Data records:

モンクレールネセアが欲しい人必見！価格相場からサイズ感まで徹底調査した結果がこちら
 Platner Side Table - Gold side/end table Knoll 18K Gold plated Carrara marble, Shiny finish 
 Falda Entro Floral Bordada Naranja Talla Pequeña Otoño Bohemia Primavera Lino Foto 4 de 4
--
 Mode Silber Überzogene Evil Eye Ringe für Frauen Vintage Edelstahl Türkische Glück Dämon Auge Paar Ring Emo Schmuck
---
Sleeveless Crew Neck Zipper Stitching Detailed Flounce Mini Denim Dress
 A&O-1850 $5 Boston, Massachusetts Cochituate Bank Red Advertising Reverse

Task statement: The expected output is exactly the lines of the listing above between the line holding "モンクレールネセアが欲しい人" and the line holding "Falda Entro Floral", inclusive.

Response to this exercise:
モンクレールネセアが欲しい人必見！価格相場からサイズ感まで徹底調査した結果がこちら
 Platner Side Table - Gold side/end table Knoll 18K Gold plated Carrara marble, Shiny finish 
 Falda Entro Floral Bordada Naranja Talla Pequeña Otoño Bohemia Primavera Lino Foto 4 de 4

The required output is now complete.